Tonight (25.9.22) Rosh Hashanah begins: the Jewish new year 5783, a fresh start and reset in the spiritual calendar. This morning while I was driving to church, I saw a massive cross that the clouds had made in the centre of the sky. At first I dismissed it and thought that it was just a lovely cloud formation but seven miles down the road the cross was still in front of my car as though it was fixed in the sky. At that moment the Lord said to me 

 “the cross was the ultimate breakthrough”.  
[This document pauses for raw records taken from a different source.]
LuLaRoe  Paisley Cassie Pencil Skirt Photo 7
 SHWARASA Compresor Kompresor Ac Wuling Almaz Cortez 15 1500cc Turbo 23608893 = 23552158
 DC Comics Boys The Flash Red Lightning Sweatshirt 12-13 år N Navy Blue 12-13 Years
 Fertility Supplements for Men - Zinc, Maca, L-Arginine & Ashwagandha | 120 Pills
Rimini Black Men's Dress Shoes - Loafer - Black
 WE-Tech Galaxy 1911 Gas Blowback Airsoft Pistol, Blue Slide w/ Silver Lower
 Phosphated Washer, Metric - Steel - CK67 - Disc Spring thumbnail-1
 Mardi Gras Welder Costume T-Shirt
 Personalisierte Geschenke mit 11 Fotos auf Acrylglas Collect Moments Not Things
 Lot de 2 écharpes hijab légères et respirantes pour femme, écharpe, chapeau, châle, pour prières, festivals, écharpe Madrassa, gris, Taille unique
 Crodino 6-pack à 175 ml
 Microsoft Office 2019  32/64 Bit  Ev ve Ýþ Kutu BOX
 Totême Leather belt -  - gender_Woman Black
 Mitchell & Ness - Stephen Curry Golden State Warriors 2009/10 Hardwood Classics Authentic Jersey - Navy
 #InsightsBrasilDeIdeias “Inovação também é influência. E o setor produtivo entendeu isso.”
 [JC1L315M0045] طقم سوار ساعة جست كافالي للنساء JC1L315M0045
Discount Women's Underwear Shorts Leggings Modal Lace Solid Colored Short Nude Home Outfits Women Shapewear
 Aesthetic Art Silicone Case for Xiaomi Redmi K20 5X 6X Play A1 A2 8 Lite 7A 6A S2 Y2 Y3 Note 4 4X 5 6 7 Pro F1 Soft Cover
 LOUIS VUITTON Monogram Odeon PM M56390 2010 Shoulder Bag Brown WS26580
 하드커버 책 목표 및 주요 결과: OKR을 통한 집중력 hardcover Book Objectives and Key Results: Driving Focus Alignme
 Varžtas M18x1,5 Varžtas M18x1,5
I knew that this was a sign for us in this new spiritual year, that the Lord is creating breakthrough in our lives personally and corporately. Just as the cross made a way for us to have a relationship with Christ, the Lord is making a way for us to move into a new season in communion with him. Obstacles that have blocked our way are being overturned, restoration of lost seasons and relationships will begin and there will be a resurrection of dead hopes and dreams.  

In accordance with Ecclesiastes 3:1, the times and seasons are changing. Last Friday was the autumn equinox and we entered a new season in both the physical and spiritual worlds. Here in the UK, we have experienced a physical shift from the reign of Elizabeth II to Charles III; this was not only a seasonal change but a shift into a whole new era. I and others have sensed that we are about to experience many changes in society and across the world; some of this new era will not be easy and there will further unrest to come, but I believe that the Lord was reminding me that the cross offers us protection for a new season and ventures. Whatever happens around us in the world, if we look to the Lord for guidance and strength, we will experience the Lord’s protection. By living in faith that he is with us, we reject the fear that the world is living in. Whenever we feel afraid, we should focus on the breakthrough of the cross.  

A few months ago, I heard the Lord say “anointing for change”. This new season requires a new anointing to carry us through to our Promised Land. When we commission people for God’s work, we traditionally anoint them with the sign of the cross on their foreheads. Isaiah 10:27 tells us that 

“and the yoke will be destroyed because of the anointing oil…” 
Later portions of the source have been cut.